**Task brief**
Your reply should consist solely of the lines from the start of the material below through the line containing "18K White Gold", reproduced exactly.

• • •

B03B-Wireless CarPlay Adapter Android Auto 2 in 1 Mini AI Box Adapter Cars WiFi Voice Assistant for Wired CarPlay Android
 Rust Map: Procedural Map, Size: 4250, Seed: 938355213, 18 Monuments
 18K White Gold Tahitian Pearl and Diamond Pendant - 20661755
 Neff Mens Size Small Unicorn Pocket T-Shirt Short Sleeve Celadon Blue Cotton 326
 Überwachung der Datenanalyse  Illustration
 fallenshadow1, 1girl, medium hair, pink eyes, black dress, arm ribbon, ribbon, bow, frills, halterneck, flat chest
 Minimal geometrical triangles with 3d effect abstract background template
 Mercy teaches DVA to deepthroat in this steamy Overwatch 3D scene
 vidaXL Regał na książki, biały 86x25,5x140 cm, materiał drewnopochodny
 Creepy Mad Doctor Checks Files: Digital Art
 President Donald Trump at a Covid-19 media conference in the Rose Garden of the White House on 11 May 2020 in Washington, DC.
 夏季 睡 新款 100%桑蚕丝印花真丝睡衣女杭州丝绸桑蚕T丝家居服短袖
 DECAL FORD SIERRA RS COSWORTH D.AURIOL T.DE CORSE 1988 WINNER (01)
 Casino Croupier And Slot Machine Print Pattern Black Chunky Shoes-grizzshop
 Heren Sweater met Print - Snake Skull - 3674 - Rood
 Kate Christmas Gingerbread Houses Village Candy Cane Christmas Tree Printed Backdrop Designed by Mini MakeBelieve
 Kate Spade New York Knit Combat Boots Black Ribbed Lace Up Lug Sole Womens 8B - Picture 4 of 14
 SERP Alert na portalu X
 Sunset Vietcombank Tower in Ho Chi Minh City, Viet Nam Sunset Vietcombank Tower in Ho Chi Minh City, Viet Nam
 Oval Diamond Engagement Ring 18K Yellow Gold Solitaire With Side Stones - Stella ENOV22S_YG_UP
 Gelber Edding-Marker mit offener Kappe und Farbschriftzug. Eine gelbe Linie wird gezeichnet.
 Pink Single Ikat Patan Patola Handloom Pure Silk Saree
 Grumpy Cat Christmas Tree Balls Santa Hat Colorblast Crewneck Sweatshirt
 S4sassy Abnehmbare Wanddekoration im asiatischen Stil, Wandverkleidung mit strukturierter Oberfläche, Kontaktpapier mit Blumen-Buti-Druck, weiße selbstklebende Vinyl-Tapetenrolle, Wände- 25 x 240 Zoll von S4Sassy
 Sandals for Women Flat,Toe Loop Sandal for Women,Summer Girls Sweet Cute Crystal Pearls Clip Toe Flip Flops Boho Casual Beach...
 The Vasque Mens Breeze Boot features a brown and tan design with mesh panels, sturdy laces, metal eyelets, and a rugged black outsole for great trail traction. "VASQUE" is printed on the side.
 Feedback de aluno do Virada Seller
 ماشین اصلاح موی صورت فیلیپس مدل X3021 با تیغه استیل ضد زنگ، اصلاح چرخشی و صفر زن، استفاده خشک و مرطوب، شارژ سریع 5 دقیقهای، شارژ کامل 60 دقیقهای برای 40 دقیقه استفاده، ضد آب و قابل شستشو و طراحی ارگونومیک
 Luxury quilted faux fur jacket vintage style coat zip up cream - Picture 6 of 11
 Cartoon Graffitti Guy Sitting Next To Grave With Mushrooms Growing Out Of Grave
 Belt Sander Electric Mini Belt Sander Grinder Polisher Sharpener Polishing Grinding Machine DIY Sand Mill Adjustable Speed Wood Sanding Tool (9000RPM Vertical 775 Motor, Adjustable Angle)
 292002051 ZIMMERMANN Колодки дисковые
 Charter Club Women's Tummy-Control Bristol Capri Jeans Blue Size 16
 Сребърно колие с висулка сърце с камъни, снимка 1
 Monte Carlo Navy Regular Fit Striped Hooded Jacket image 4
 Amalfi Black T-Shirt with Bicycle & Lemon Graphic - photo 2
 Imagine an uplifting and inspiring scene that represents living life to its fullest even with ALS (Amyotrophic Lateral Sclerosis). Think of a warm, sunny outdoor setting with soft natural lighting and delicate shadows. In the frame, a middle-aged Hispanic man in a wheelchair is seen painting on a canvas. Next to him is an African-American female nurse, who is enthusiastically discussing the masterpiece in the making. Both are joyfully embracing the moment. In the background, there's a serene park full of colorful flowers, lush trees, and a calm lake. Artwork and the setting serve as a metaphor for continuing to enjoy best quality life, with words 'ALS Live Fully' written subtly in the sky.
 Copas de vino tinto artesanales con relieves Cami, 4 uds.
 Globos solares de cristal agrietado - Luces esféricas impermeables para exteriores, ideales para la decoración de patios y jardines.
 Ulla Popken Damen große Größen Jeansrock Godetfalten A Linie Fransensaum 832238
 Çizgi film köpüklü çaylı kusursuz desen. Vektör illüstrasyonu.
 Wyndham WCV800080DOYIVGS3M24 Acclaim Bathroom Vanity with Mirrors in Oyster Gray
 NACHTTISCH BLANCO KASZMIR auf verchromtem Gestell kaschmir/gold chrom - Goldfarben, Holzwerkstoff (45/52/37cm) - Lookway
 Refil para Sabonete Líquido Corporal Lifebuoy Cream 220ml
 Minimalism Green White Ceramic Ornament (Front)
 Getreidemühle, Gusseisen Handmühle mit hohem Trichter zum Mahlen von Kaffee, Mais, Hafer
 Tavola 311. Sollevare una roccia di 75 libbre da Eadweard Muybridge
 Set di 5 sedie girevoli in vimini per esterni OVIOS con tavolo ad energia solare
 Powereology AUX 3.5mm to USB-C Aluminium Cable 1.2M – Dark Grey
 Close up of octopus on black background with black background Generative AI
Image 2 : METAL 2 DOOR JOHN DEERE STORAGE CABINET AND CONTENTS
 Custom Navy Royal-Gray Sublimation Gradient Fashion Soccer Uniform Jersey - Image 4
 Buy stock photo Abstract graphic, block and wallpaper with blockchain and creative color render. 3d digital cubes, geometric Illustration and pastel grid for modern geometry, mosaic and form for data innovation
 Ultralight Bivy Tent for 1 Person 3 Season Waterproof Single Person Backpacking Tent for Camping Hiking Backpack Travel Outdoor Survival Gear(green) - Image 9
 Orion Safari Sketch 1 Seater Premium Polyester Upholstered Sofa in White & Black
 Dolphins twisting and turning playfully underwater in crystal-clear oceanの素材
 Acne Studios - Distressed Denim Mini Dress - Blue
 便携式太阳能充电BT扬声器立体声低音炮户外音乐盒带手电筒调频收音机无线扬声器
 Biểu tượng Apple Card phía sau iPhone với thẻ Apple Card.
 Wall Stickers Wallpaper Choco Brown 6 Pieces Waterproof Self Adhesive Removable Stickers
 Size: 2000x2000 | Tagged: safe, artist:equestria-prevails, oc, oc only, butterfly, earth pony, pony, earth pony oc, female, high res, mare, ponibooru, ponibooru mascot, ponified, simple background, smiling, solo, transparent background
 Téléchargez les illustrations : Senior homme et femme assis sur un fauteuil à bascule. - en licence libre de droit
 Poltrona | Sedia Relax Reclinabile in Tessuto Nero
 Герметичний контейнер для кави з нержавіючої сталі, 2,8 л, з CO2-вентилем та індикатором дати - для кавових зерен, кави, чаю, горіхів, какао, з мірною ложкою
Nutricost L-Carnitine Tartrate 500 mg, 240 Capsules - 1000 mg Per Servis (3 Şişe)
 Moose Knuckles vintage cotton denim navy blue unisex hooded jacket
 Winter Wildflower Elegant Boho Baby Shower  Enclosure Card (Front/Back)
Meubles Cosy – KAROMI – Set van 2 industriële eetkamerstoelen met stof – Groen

• • •

**Written solution**
B03B-Wireless CarPlay Adapter Android Auto 2 in 1 Mini AI Box Adapter Cars WiFi Voice Assistant for Wired CarPlay Android
 Rust Map: Procedural Map, Size: 4250, Seed: 938355213, 18 Monuments
 18K White Gold Tahitian Pearl and Diamond Pendant - 20661755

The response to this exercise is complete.